◆ **Exercise aim**
Of the entries below, return only those lines from the line with "Аккумулятор Censreal TNP-FW50" to the line with "Mini COZY Rosy", exactly, both included.

◆ **Available records**
++++++++++
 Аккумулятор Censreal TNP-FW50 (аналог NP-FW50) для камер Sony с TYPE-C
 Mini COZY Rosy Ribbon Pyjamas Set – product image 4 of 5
++++++++++
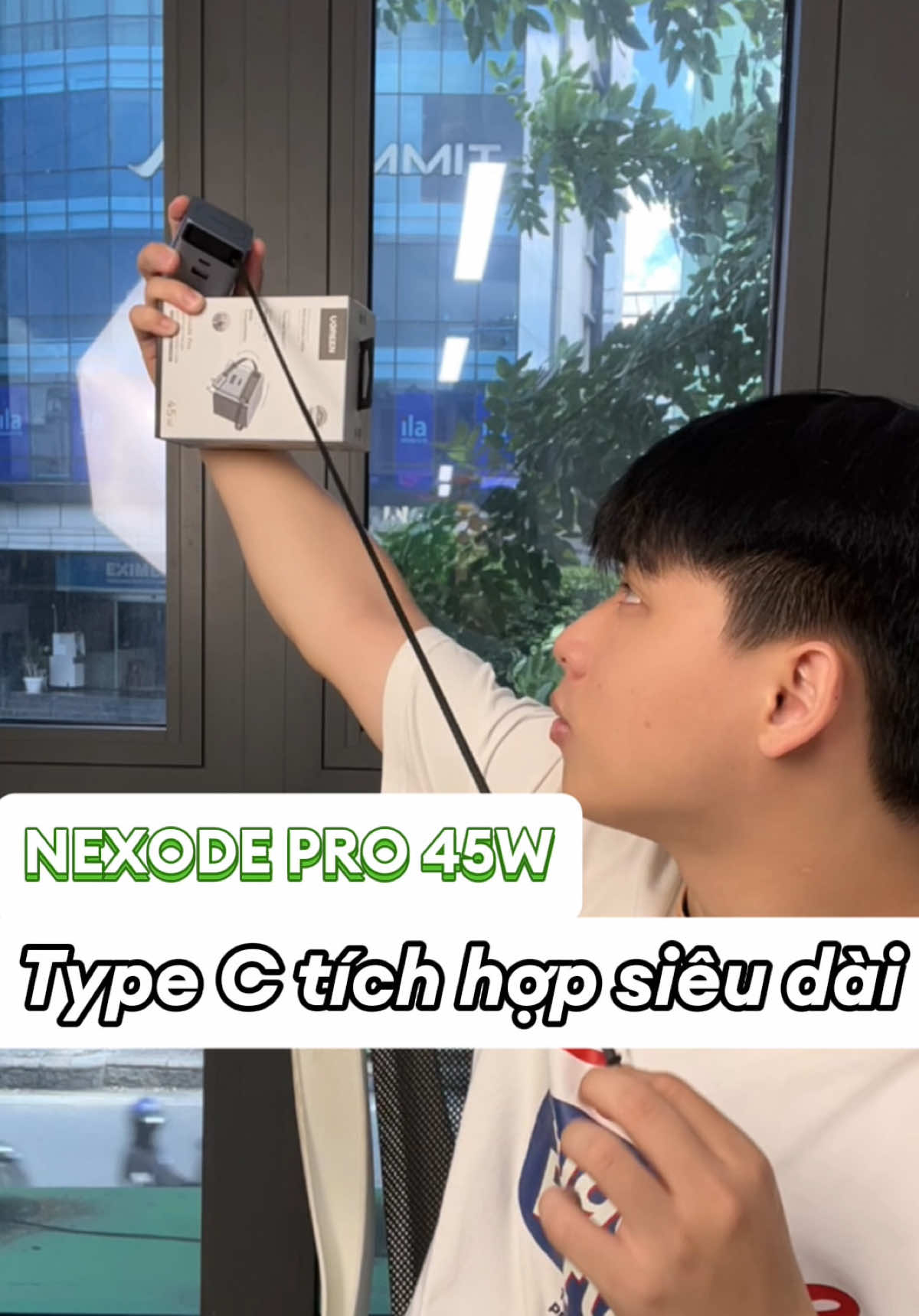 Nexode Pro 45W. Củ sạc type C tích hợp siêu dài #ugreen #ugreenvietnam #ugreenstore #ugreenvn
++++++++++
◆ **Answer to this task**
 Аккумулятор Censreal TNP-FW50 (аналог NP-FW50) для камер Sony с TYPE-C
 Mini COZY Rosy Ribbon Pyjamas Set – product image 4 of 5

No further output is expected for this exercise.